(Beginning of INPUT)

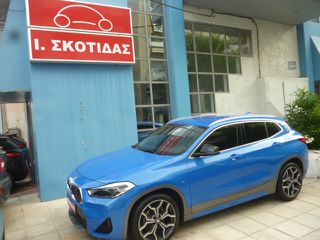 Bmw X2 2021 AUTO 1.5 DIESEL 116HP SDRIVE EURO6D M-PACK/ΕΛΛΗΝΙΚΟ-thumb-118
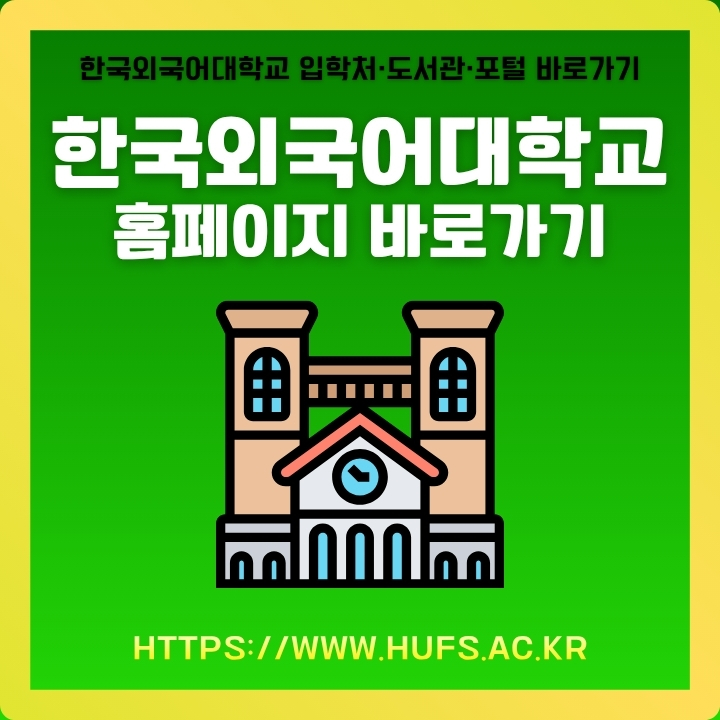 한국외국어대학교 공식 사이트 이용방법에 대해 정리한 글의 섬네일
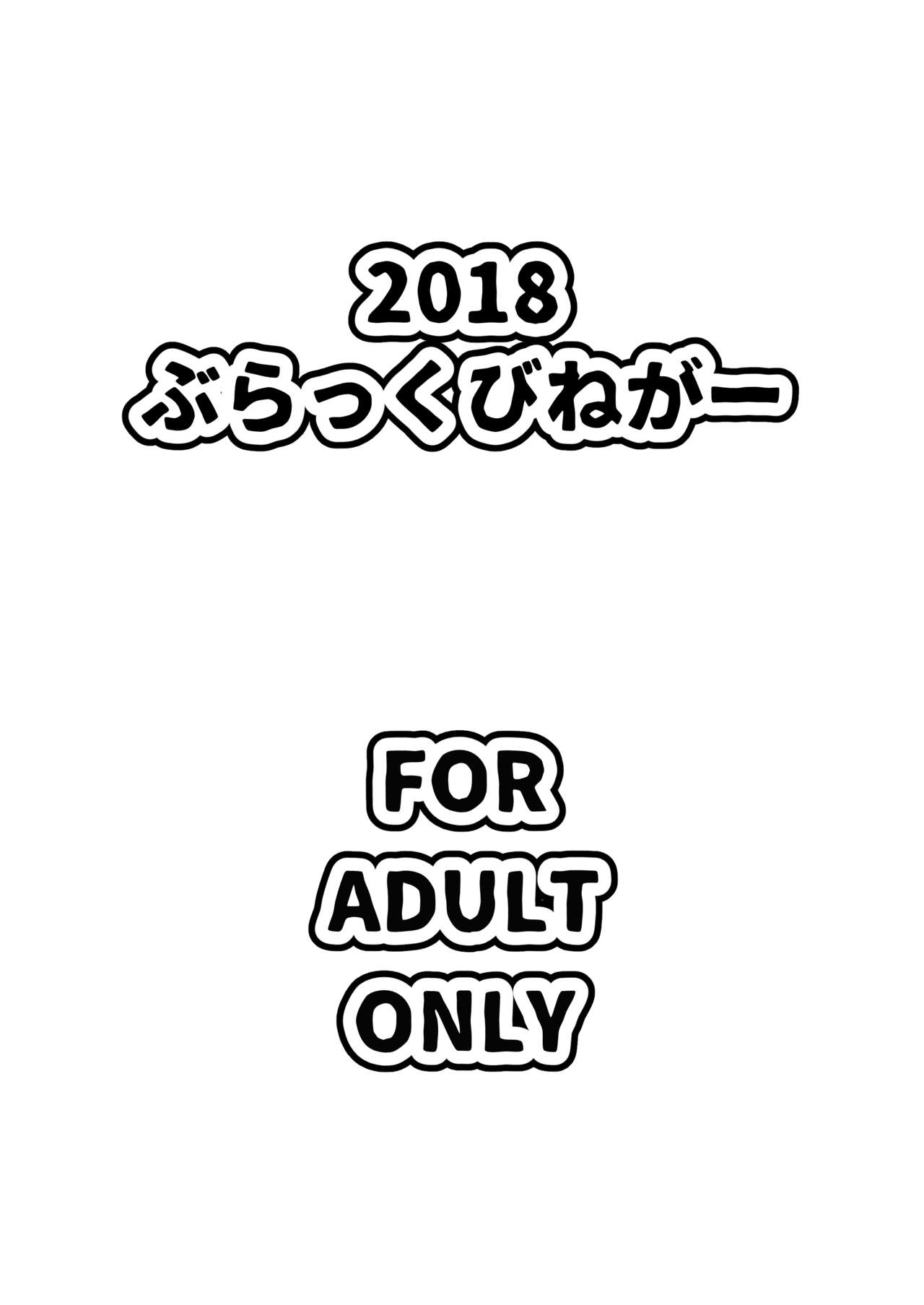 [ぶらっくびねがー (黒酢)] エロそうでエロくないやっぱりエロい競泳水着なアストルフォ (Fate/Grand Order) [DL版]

(End of INPUT)
(Beginning of INPUT)

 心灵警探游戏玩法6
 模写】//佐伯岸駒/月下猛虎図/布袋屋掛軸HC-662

(End of INPUT)

* [EXERCISE] Look above for the line with "Bmw X2 2021" and copy exactly from it through the line with "[ぶらっくびねがー (黒酢)] エロそうでエロくないやっぱりエロい競泳水着なアストルフォ", both included. Omit the pictures.

* [SOLUTION TO THE PROBLEM]
 Bmw X2 2021 AUTO 1.5 DIESEL 116HP SDRIVE EURO6D M-PACK/ΕΛΛΗΝΙΚΟ-thumb-118
 한국외국어대학교 공식 사이트 이용방법에 대해 정리한 글의 섬네일
 [ぶらっくびねがー (黒酢)] エロそうでエロくないやっぱりエロい競泳水着なアストルフォ (Fate/Grand Order) [DL版]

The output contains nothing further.